EXERCISE AIM →
Would you tally how many lines in the records include the word "Necklace"? Reply with the number only.

DATA FOR ANALYSIS below:

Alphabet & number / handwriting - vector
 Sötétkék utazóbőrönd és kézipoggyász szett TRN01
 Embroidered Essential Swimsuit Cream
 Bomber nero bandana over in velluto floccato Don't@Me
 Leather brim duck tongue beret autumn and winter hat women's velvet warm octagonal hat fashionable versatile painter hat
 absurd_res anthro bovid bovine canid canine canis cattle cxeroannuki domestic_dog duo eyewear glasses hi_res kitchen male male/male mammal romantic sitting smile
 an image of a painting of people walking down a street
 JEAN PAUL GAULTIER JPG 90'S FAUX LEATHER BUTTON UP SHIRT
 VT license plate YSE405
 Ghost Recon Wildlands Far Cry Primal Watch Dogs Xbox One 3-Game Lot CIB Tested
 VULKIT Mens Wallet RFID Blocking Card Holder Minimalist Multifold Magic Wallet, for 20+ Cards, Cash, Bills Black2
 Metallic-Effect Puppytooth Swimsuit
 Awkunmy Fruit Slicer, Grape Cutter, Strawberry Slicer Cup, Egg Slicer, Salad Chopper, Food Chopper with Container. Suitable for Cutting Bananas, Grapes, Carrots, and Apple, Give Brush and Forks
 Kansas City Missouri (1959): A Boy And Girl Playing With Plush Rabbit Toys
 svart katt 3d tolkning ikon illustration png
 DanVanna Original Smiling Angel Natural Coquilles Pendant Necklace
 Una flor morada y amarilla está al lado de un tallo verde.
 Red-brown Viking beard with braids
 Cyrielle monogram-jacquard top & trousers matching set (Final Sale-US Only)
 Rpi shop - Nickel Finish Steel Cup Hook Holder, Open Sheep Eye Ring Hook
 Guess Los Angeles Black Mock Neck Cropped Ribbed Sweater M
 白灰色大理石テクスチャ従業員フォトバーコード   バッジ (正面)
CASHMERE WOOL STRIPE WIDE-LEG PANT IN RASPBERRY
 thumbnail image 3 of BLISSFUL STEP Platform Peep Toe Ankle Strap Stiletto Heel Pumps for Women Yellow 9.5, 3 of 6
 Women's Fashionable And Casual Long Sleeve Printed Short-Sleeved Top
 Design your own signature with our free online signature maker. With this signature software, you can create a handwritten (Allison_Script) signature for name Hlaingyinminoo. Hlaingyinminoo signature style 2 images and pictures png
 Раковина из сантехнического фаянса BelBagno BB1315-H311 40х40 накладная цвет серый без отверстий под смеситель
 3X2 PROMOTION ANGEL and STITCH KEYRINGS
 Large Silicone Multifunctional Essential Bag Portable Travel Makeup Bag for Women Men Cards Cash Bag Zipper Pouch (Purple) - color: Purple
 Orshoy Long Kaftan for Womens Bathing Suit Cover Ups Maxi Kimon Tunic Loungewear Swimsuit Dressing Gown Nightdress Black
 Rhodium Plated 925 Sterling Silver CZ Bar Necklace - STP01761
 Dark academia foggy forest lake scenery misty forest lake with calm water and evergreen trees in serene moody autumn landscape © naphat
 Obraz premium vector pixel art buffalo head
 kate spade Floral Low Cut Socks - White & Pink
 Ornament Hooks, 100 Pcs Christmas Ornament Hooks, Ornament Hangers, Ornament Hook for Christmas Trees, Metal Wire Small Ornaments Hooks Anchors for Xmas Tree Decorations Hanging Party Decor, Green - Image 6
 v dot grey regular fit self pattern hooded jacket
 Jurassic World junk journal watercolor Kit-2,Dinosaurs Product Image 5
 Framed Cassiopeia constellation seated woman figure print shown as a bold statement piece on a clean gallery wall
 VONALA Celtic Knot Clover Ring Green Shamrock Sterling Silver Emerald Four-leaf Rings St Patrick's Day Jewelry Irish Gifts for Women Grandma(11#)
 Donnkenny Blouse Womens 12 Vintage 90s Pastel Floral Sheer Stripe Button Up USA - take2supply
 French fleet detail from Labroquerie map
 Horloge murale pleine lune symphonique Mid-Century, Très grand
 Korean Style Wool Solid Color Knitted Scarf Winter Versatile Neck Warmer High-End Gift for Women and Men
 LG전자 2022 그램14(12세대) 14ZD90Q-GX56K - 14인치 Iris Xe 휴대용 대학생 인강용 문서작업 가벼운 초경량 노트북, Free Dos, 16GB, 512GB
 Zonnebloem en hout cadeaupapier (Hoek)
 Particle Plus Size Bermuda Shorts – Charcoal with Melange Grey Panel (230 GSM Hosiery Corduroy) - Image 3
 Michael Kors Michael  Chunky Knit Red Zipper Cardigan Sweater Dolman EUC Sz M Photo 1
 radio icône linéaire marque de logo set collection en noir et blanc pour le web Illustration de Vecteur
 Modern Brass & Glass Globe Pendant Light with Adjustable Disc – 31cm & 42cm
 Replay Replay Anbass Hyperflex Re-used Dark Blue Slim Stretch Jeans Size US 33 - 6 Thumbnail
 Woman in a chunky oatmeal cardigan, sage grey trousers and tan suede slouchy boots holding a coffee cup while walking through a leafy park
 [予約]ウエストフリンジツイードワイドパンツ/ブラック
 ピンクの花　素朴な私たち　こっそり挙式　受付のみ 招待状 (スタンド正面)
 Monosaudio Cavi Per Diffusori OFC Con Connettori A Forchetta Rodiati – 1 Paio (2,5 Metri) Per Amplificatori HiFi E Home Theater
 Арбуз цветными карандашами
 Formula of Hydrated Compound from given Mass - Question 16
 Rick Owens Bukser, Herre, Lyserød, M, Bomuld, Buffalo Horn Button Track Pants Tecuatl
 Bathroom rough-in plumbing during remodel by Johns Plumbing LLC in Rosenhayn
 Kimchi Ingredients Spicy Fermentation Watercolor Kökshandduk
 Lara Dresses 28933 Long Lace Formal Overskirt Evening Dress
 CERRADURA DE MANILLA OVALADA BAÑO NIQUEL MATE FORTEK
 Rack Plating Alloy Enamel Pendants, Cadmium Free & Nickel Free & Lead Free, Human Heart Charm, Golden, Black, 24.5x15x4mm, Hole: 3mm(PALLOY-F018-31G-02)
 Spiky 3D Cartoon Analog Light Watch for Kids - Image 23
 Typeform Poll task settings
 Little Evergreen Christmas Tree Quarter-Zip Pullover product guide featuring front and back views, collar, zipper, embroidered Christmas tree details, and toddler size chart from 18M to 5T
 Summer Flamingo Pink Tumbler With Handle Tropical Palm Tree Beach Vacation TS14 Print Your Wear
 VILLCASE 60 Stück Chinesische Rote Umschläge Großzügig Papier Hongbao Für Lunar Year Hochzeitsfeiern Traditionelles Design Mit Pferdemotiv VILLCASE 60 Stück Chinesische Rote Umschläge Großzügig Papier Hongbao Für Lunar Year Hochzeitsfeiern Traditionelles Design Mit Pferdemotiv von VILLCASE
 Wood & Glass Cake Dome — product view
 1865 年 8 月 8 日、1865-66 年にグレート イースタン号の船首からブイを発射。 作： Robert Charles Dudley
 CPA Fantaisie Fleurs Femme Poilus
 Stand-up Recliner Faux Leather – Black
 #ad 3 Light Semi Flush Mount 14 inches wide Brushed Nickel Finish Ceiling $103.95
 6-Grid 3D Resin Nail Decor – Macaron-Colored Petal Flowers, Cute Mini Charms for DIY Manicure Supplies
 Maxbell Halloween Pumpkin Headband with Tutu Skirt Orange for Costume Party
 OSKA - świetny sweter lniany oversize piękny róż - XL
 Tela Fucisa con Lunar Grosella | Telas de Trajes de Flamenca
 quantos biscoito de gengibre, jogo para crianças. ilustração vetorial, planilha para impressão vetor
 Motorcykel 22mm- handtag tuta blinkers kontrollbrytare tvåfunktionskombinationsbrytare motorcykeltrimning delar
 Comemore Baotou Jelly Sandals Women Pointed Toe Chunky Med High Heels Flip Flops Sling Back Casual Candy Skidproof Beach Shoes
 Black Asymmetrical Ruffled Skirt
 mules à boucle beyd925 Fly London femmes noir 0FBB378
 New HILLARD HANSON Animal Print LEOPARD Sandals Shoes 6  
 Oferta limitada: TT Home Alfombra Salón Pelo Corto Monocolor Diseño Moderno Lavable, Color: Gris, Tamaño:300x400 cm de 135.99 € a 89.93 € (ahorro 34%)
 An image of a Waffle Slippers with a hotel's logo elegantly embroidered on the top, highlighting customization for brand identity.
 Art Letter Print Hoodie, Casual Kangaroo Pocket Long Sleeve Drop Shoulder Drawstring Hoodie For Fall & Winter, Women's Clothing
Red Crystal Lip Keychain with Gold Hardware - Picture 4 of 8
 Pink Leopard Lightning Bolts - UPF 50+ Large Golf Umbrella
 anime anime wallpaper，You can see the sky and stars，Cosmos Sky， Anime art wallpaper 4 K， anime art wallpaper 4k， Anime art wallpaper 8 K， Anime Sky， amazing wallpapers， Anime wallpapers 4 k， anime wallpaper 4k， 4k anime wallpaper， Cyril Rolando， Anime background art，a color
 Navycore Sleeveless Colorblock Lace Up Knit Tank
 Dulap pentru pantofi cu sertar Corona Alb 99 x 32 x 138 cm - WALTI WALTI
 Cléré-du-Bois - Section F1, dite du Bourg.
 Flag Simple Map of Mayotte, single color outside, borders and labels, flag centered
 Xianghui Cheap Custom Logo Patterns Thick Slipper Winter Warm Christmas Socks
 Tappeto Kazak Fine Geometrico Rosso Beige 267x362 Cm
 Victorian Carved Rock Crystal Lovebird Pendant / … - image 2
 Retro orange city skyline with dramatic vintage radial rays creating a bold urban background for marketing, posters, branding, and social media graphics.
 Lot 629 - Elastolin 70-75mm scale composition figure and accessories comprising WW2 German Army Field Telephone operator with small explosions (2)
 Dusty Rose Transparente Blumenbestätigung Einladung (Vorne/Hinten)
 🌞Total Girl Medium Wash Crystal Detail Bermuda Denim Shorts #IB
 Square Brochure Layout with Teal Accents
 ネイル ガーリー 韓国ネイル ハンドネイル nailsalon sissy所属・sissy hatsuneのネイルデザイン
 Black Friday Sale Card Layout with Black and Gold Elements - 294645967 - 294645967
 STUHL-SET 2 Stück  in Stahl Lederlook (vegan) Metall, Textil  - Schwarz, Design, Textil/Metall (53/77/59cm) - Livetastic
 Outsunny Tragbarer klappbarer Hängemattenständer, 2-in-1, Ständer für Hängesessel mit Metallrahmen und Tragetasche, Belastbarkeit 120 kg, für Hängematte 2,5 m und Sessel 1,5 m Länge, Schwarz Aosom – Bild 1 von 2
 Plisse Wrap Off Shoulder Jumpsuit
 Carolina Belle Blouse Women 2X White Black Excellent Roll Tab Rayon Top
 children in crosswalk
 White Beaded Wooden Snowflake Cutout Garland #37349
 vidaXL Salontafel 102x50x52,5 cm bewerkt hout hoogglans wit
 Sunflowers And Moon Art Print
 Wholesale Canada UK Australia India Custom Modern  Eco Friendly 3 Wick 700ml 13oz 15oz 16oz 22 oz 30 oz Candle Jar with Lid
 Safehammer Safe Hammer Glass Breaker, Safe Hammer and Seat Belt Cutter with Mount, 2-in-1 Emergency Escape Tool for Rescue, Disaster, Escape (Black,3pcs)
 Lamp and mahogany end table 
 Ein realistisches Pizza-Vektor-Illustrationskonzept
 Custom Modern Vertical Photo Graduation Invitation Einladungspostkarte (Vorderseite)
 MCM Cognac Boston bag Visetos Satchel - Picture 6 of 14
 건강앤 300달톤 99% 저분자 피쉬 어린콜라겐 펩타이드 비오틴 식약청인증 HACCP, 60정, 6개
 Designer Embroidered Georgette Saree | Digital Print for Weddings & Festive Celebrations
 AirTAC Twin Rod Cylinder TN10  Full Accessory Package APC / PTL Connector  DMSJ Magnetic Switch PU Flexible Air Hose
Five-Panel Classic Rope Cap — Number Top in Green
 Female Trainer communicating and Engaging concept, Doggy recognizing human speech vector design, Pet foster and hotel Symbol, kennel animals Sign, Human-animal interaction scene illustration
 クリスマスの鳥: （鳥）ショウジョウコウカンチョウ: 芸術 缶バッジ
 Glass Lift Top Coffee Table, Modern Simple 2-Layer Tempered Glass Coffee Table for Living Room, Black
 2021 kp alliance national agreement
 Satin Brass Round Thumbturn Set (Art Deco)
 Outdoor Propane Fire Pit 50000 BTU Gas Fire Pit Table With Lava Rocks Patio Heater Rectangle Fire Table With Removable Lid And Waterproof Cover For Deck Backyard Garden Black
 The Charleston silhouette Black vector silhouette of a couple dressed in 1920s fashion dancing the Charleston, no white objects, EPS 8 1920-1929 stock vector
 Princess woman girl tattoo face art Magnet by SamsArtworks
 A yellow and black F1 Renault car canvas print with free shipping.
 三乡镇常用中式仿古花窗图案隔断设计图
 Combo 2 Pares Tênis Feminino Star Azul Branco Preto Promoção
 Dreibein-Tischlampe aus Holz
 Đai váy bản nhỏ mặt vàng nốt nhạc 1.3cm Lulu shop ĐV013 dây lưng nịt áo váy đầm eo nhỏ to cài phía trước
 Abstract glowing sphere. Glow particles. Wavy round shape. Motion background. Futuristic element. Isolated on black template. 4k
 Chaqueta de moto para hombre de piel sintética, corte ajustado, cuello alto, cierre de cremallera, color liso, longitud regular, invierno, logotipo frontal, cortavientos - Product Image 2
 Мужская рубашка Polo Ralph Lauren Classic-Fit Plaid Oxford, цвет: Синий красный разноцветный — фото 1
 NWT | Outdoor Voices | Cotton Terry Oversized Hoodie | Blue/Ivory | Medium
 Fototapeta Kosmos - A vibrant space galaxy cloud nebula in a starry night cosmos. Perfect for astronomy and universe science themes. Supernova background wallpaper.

End of DATA FOR ANALYSIS.

THE COMPLETED TASK →
2